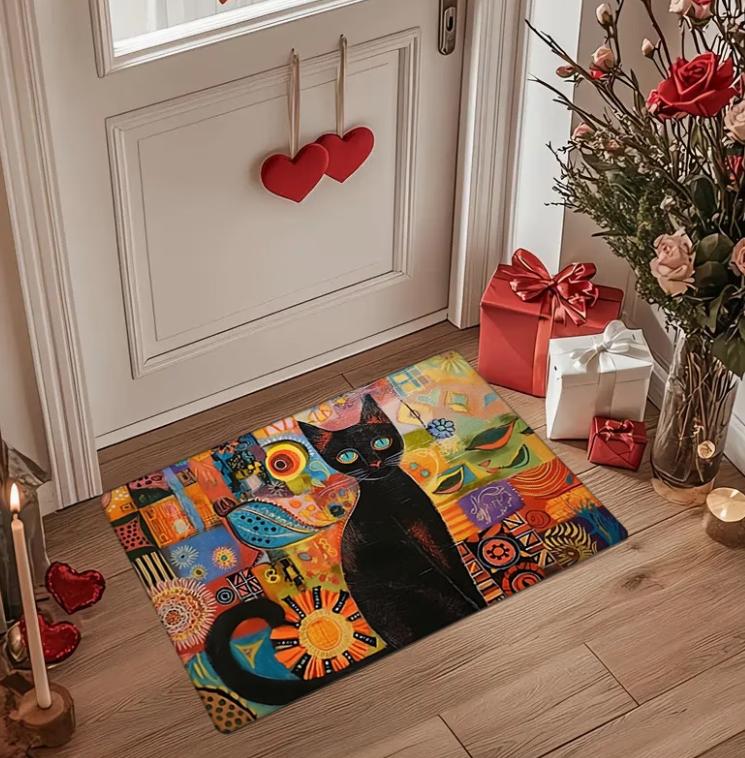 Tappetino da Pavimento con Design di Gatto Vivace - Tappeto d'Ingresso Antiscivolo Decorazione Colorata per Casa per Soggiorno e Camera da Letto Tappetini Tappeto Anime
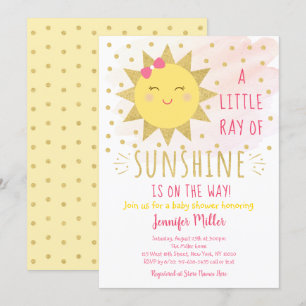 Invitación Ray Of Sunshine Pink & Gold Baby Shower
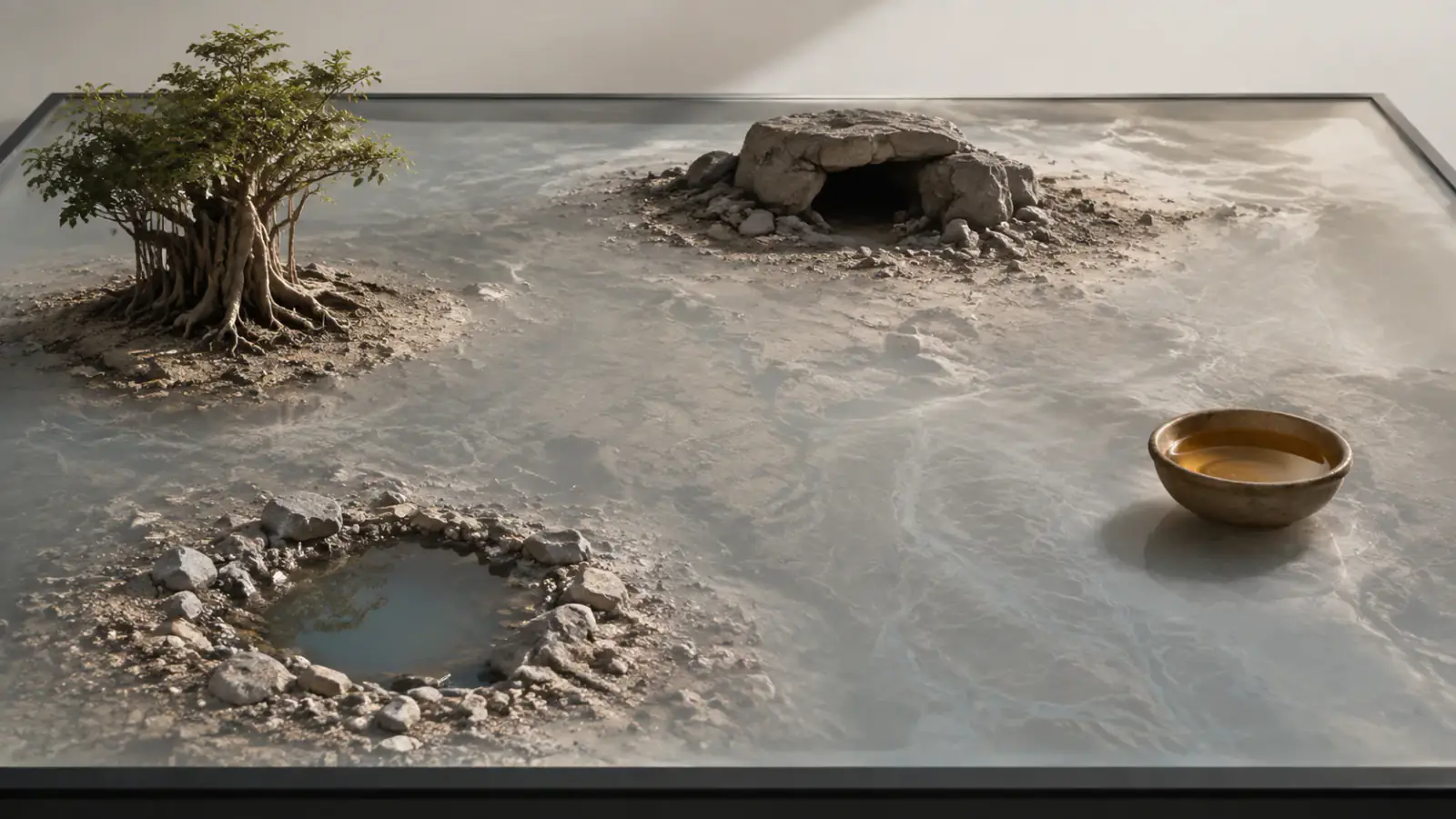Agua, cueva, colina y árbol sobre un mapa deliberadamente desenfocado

++++

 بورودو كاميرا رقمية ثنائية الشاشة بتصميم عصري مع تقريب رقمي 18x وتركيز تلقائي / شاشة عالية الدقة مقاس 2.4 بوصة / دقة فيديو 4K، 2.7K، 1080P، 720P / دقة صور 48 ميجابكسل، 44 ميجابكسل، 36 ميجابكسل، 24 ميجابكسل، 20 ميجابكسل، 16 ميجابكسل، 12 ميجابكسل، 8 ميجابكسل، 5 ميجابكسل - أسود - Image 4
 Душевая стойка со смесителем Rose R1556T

++++

• PROBLEM STATEMENT: Both the line above containing "Invitación Ray Of" and the line containing "Agua, cueva, colina" belong in the copy, along with every line between them; print these exactly and omit the pictures.

• OUTPUT FOR THIS EXERCISE:
 Invitación Ray Of Sunshine Pink & Gold Baby Shower
Agua, cueva, colina y árbol sobre un mapa deliberadamente desenfocado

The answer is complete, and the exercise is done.